◆ GOAL OF THE EXERCISE ◆
In the records below, the relevant part opens with the line containing "Stainless Steel Custom" and closes with the line containing "Colorante alimentare Sugarflair"; print that part exactly and only, without its pictures.

◆ SOURCE MATERIAL ◆
═══
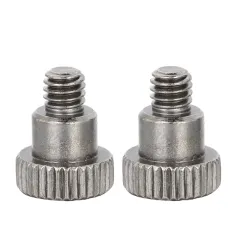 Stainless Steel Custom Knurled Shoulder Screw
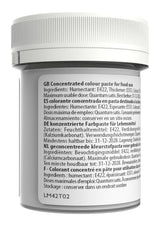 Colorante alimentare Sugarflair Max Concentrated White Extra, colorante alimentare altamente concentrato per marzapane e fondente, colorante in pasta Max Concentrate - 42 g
═══
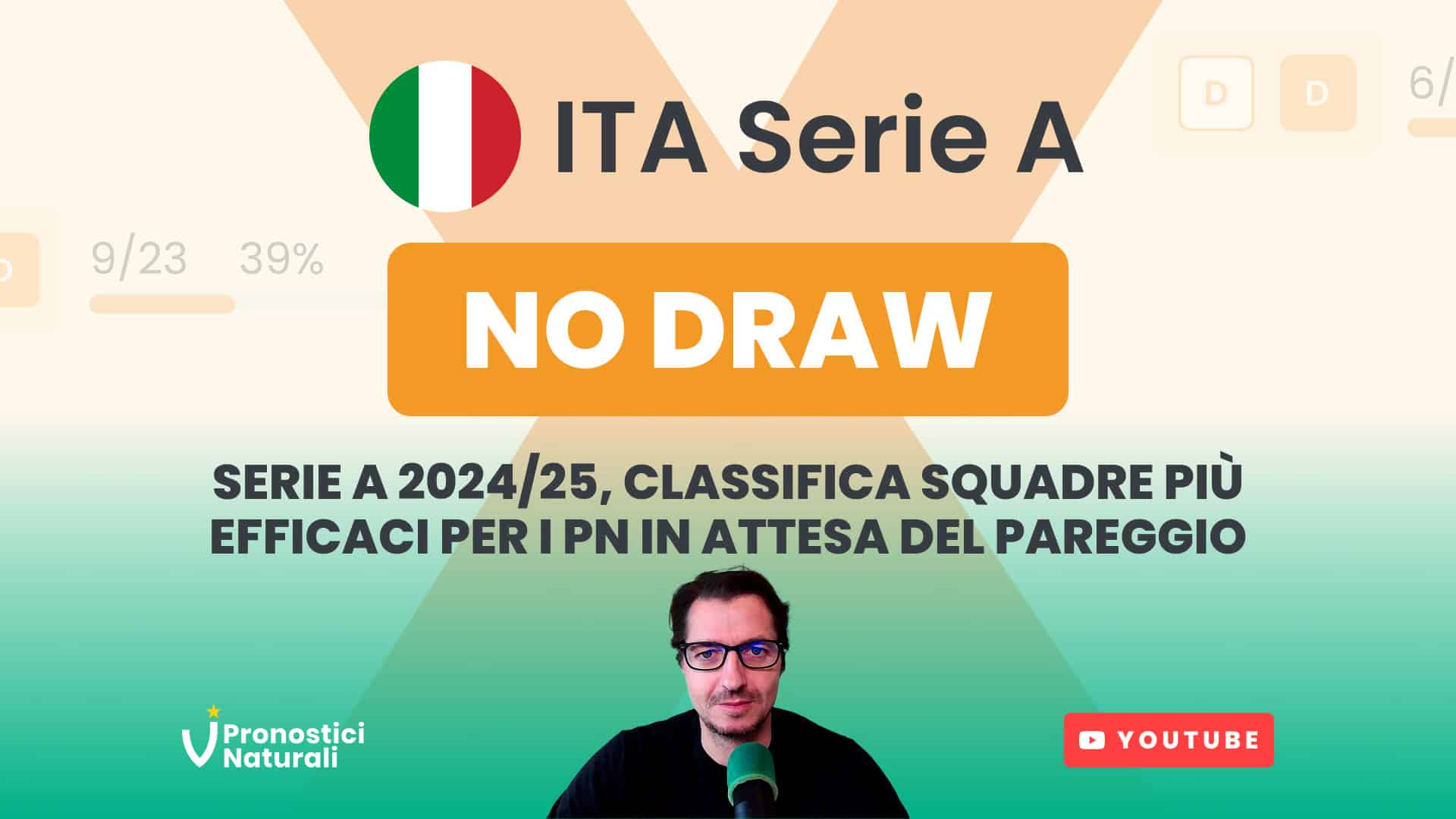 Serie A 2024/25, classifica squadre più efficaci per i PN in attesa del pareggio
═══
◆ OUTPUT ◆
 Stainless Steel Custom Knurled Shoulder Screw
 Colorante alimentare Sugarflair Max Concentrated White Extra, colorante alimentare altamente concentrato per marzapane e fondente, colorante in pasta Max Concentrate - 42 g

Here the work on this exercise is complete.